— Task goal —
Drop every picture and give the entries back exactly.

(Scraped caption text data)

=== Section Start ===

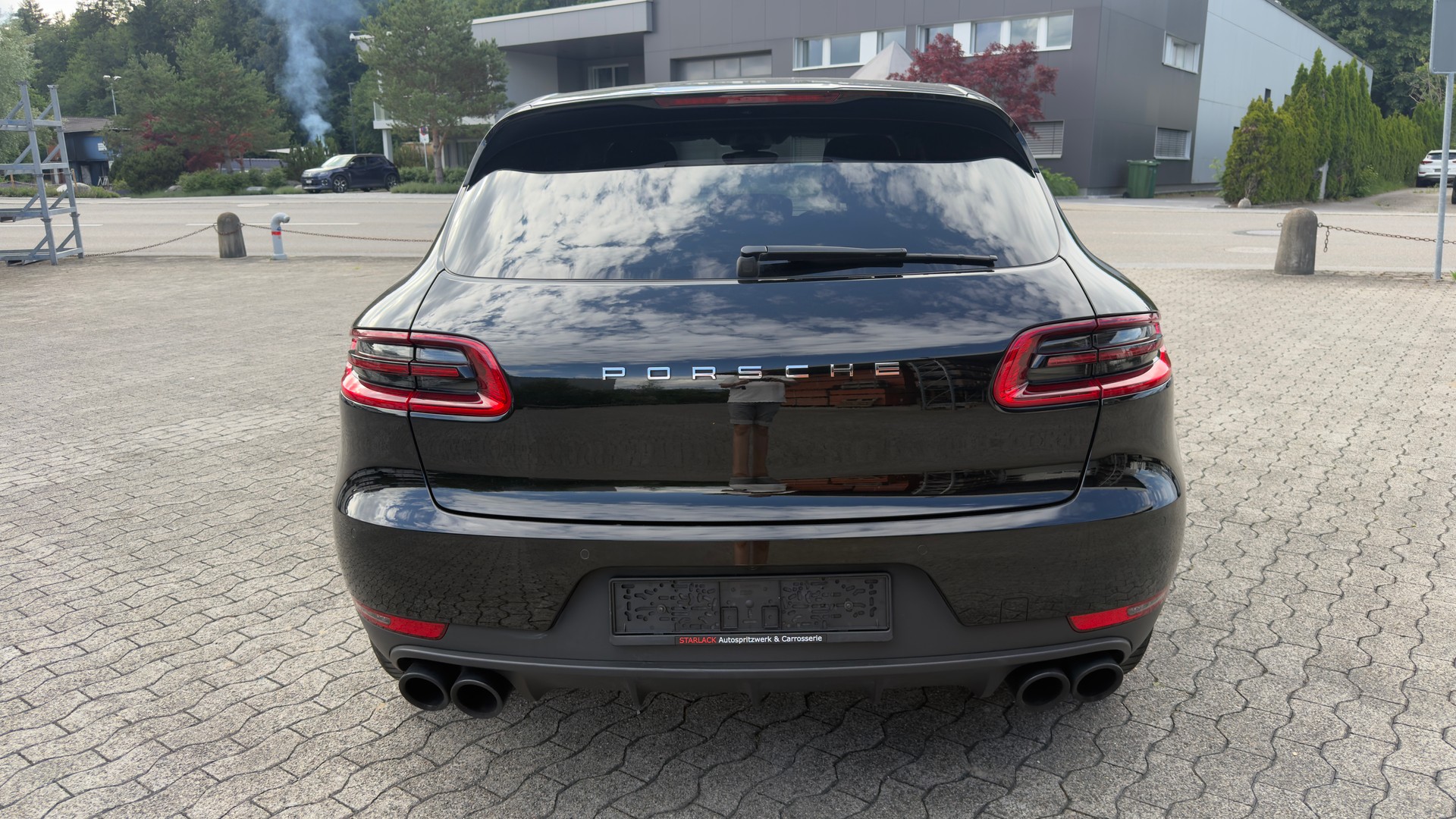 PORSCHE Macan PDK-showroom-element-3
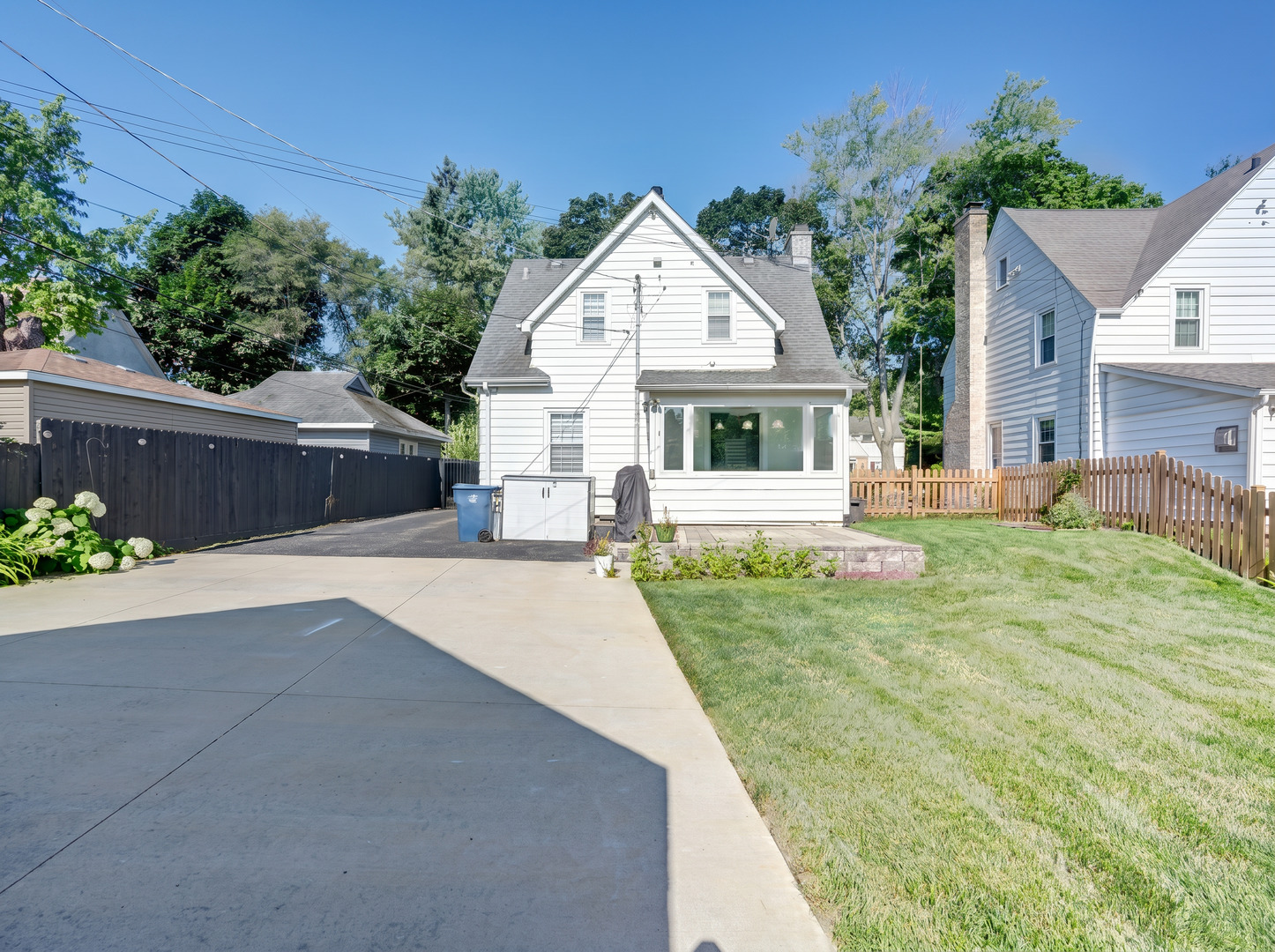 1113 Douglas Court Property Photo 4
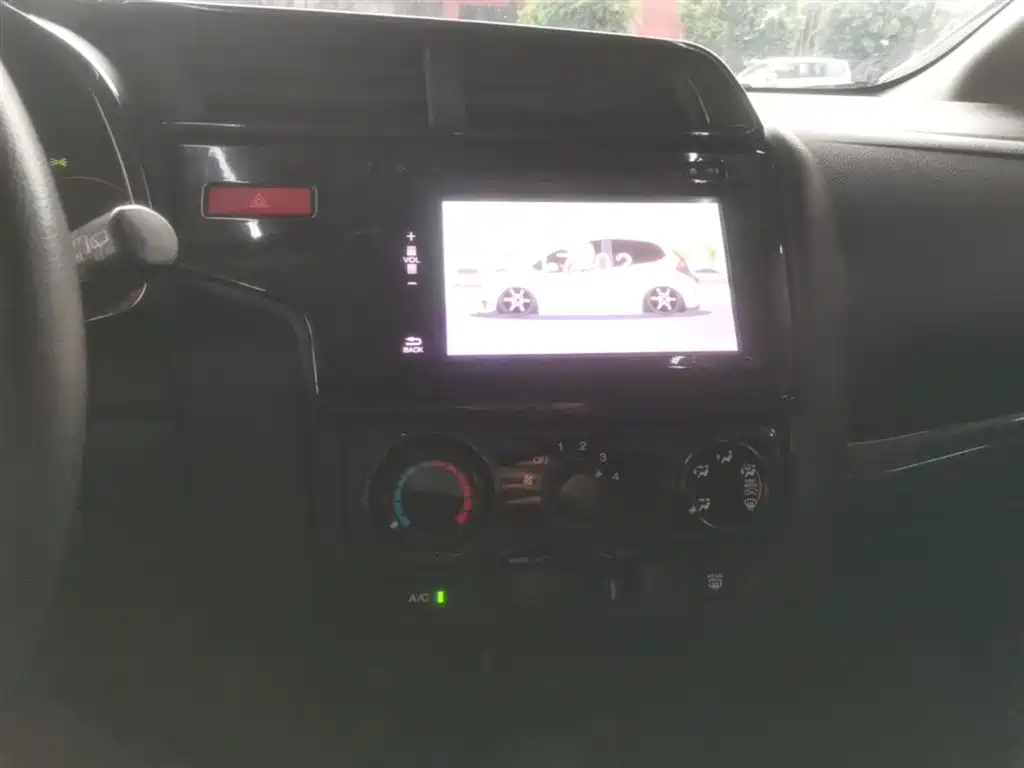 Honda Fit 2017 — фото 13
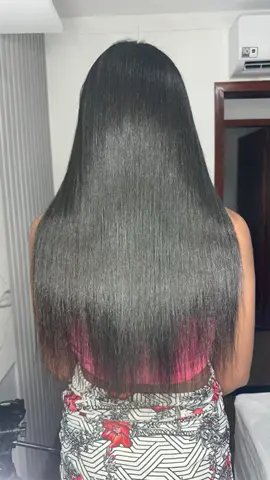 Cortei 5 dedos do cabelo da minha irmã 😍 . #cortedecabelo #cabelo #caballos #progressiva #cabelao #cabelosaudavel #hair #fioterapia #toucanero #tonicocapilar #toucadecetim #cabelos 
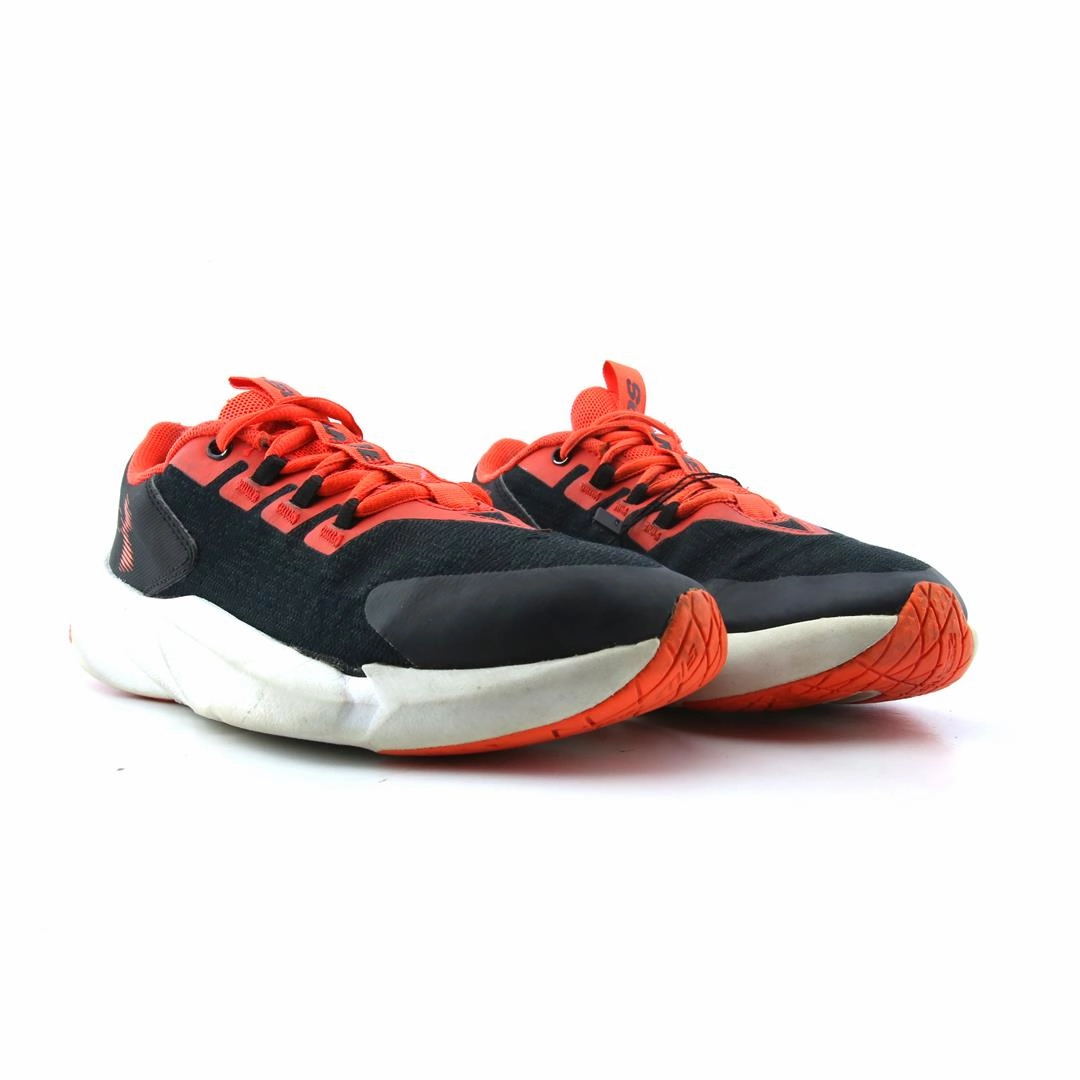 UNDER ARMOUR SCRAMJET 5 Under Armour trainer close-ups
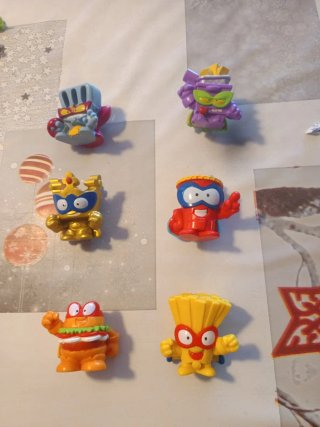 Figuras Super Things con 11 vehículos y 113 figura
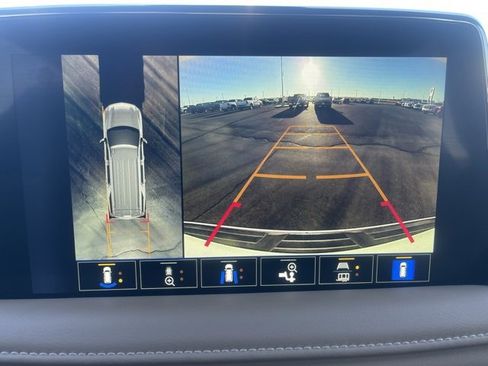 Used 2024 Chevrolet Suburban Premier image 28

=== Section End ===

— Answer area —
 PORSCHE Macan PDK-showroom-element-3
 1113 Douglas Court Property Photo 4
 Honda Fit 2017 — фото 13
 Cortei 5 dedos do cabelo da minha irmã 😍 . #cortedecabelo #cabelo #caballos #progressiva #cabelao #cabelosaudavel #hair #fioterapia #toucanero #tonicocapilar #toucadecetim #cabelos 
 UNDER ARMOUR SCRAMJET 5 Under Armour trainer close-ups
 Figuras Super Things con 11 vehículos y 113 figura
 Used 2024 Chevrolet Suburban Premier image 28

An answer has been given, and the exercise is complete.